Will teacher rankings be made public?

This is a complicated question, and will likely be decided soon by New York pols.

But first, a bit of background. Remember that various media outlets published in February 18,000 New York City teacher ratings, after the United Federation of Teachers lost a lengthy legal battle to keep the data under wraps. Three courts had decided that the data is considered public record under the Freedom of Information Act. Teachers, however, were angry.
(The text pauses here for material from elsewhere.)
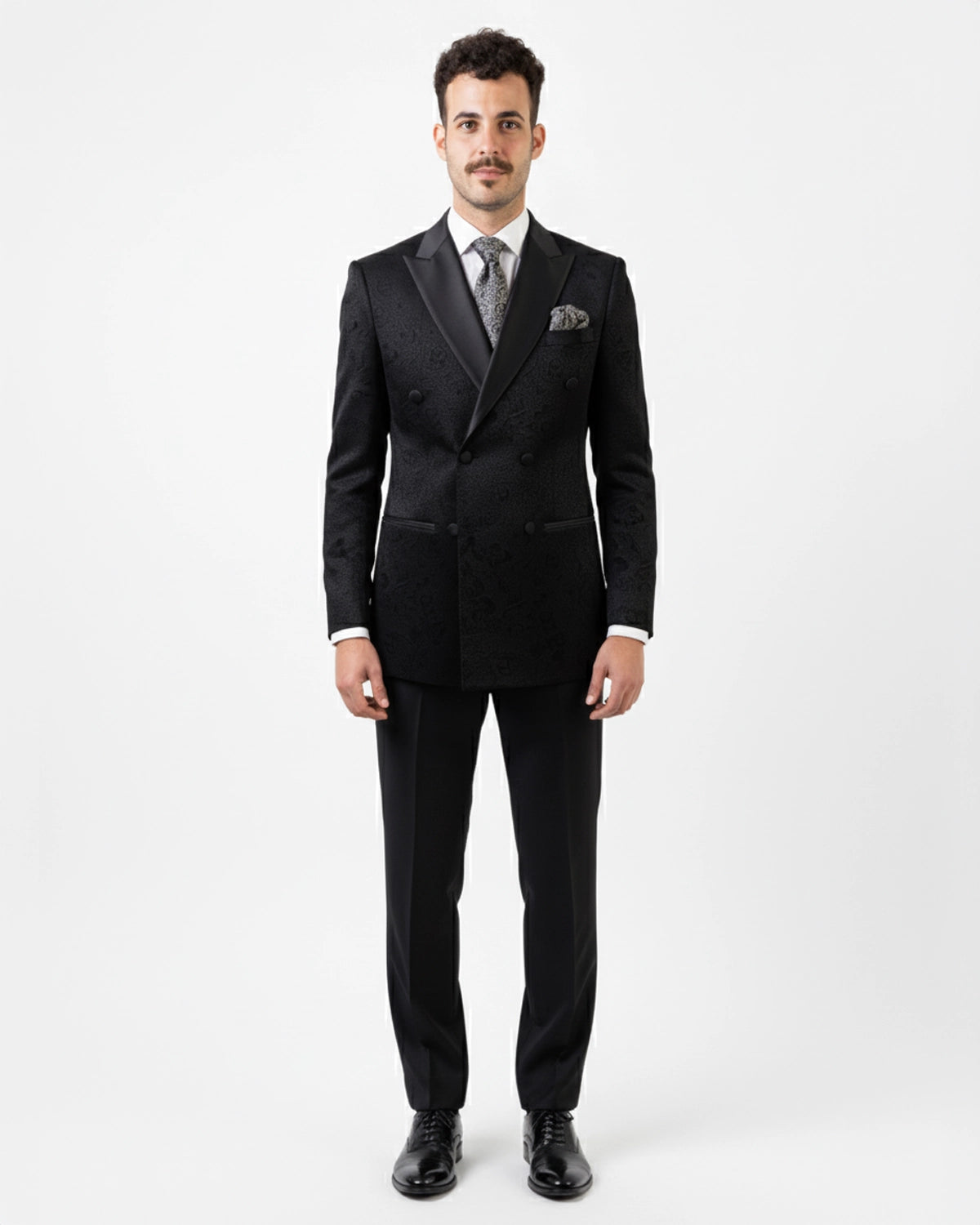 Esmoquin Cruzado de Novio a Medida Negro en Tejido Jacquard Paisley con Solapas de Raso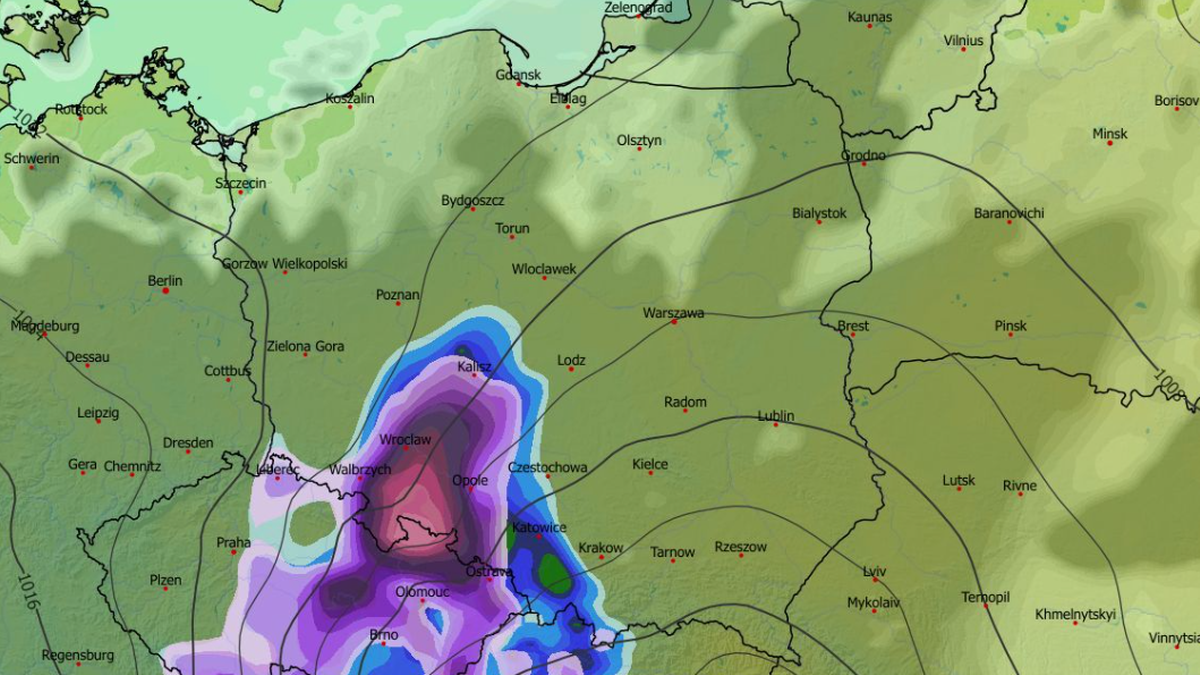 W piątek strefa opadów śniegu może się rozciągać na dużym obszarze na południu Polski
They say the largely test-based system is flawed, and that printing the data gives an inaccurate sense of teacher quality.

Now that New York has adopted a more complex evaluation system, Albany is weighing whether to limit broad access — an idea that Mayor Michael Bloomberg has long opposed.
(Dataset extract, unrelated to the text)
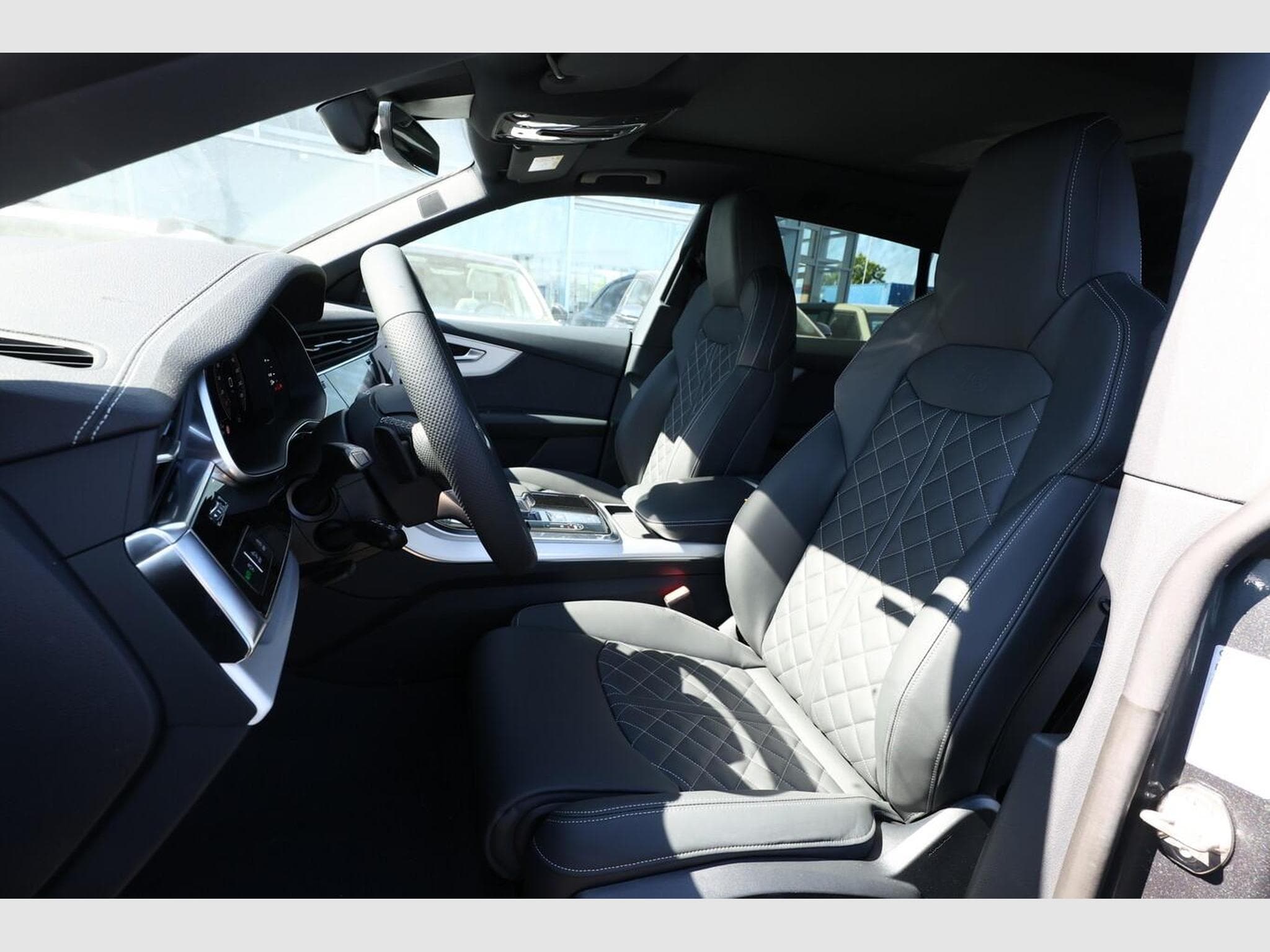 Audi Q8 S line (2026) - Photo 6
The Post reports: “Albany lawmakers aren’t seeking to block parents from sharing teacher-ratings data with one another — but they’re ‘hung up’ over how to keep that circle of information closed to outsiders.” Lawmakers might decide the issue in as little as two weeks.

Bloomberg has shot back at these reports, saying “he wanted all parts of public schoolteachers’ evaluations to be open for all to see — not restricted to parents, as some in Albany are suggesting,” according to the Wall Street Journal.
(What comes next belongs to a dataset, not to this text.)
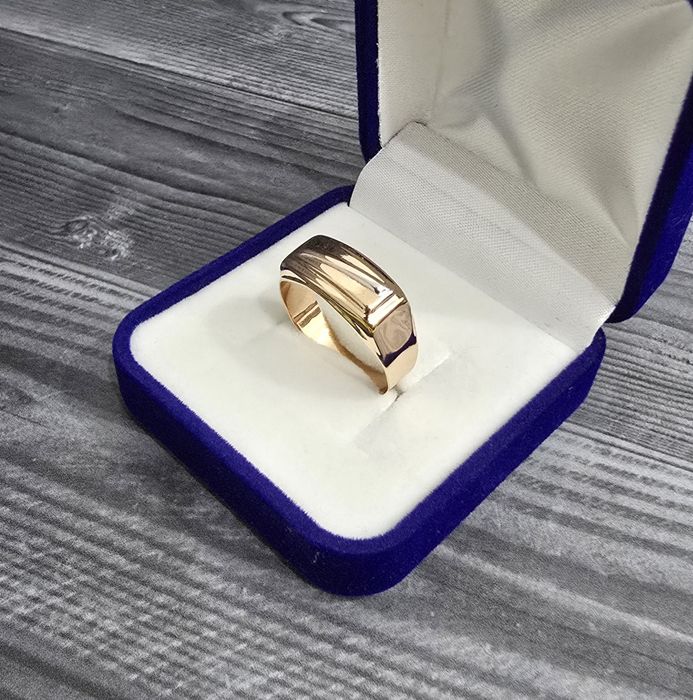 Золотое кольцо печатка Новая вес 2.25гр 585пр Размер 20 код 7329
And recent stats indicate that 58 percent of New Yorkers agree with Mike: They think everyone who wants should get to see the info.

Now, there are a couple of things worth pointing out. The teacher data reports measure value-added performance — broken down, this is basically standardized test-based info that is supposed to indicate how much students learn.

But, as Schools Chancellor Dennis Walcott cautioned before the release: “The reports were never intended to judge a teacher’s overall success in the classroom. No single measure can do that — whether it’s value-added data, the results of a classroom observation or anything else.”

And, as the Voice‘s Nat Hentoff noted, standardized test rankings of any sort — be they raw or refined — do miss a big part of the picture: student input.

That said, the Voice will keep you updated with any updates.